Dengan adanya sistem pengupahan seperti ini, akan berkurang minat pengusaha
menggunakan buruh kontrak (outsourcing)
karena biaya yang dikeluarkan untuk membayar ongkos buruh menjadi sama besarnya
dengan jika menggunakan pekerja tetap.
Ketiga, bila perubahan undang-undang tidak
dimungkinkan, pemerintah bisa menertibkan semua lembaga penyelenggara bisnis
alih daya dengan cara mengkaji secara menyeluruh semua izin bisnis alih daya di
seluruh Indonesia. Semua izin alih daya harus diteliti dan selanjutnya agen
yang menyimpang izinnya harus dicabut. Usul dalam bentuk moratorium tidak
menyelesaikan masalah, hanya menunda persoalan. Selain itu, bisa berkesan
memproteksi mereka yang saat ini sedang melakukan penyimpangan.
Keempat, mencegah multitafsir dengan
menetapkan jenis pekerjaan pokok dan penunjang. Kementerian Tenaga Kerja dan
Transmigrasi bisa membuat daftar dan jenis pekerjaan yang bisa atau tidak bisa
dialihdayakan. Penetapannya bisa dirumuskan setiap tripartit nasional sektoral.
Bila di kemudian hari ada jenis pekerjaan yang belum diidentifikasi oleh
Kementerian Tenaga Kerja dan Transmigrasi, penetapannya bisa disepakati secara
bipartit di tingkat perusahaan.
Kelima, izin bisnis alih daya sebaiknya
dikeluarkan oleh satu institusi saja, yaitu Dinas Tenaga Kerja dan Transmigrasi
Kabupaten/Kota. Tujuannya, agar gampang diawasi dan ditindak bila menyimpang.
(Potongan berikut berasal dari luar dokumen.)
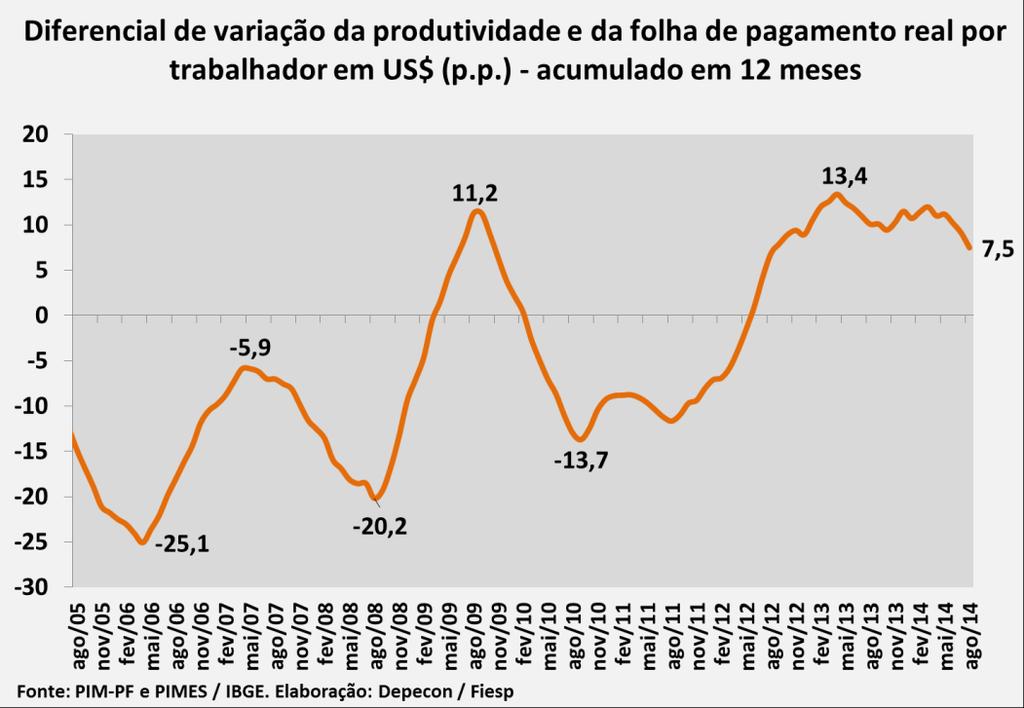 ESTADO DE SÃO PAULO No Estado de São Paulo, a produtividade da Indústria de Transformação teve alta de 1,4% em Agosto em relação ao mês anterior na série com ajuste sazonal.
Selanjutnya, dokumen izin alih daya bebas diakses oleh publik dengan cara,
salinan izin alih daya harus diberikan kepada serikat buruh di perusahaan
bersangkutan.
Keenam, karena Undang-Undang Nomor 13 Tahun
2003 tidak mengatur pemberian sanksi terhadap pelanggaran atas praktik alih
daya, Kementerian Tenaga Kerja dan Transmigrasi bisa membuat sanksi
administratif yang jelas terhadap pemilik bisnis alih daya. Setidaknya, dengan
membuat daftar hitam untuk mereka yang melanggar, sehingga mereka tidak berani
lagi melakukan penyimpangan.
Ketujuh, perlu reformasi pengawasan tenaga
kerja. Pengawasan sebaiknya dilakukan dengan melibatkan tripartit. Pegawai
penyidik tetap domain pemerintah, tetapi aktivitas penyidikan bisa
mengikutsertakan tripartit. Perencanaan pengawasan, evaluasi, dan perbaikan
bisa dilakukan bersama dengan dewan tripartit pengawasan. Dengan demikian,
nantinya ada transparansi atas penyelenggaraan pengawasan. Pengawasan selama
ini lemah akibat tidak memadainya jumlah tenaga pengawas, tidak dilibatkannya
pihak tripartit, adanya praktik korupsi, dokumen pengawasan yang tertutup,
serta meluasnya jumlah perusahaan skala kecil dan menengah.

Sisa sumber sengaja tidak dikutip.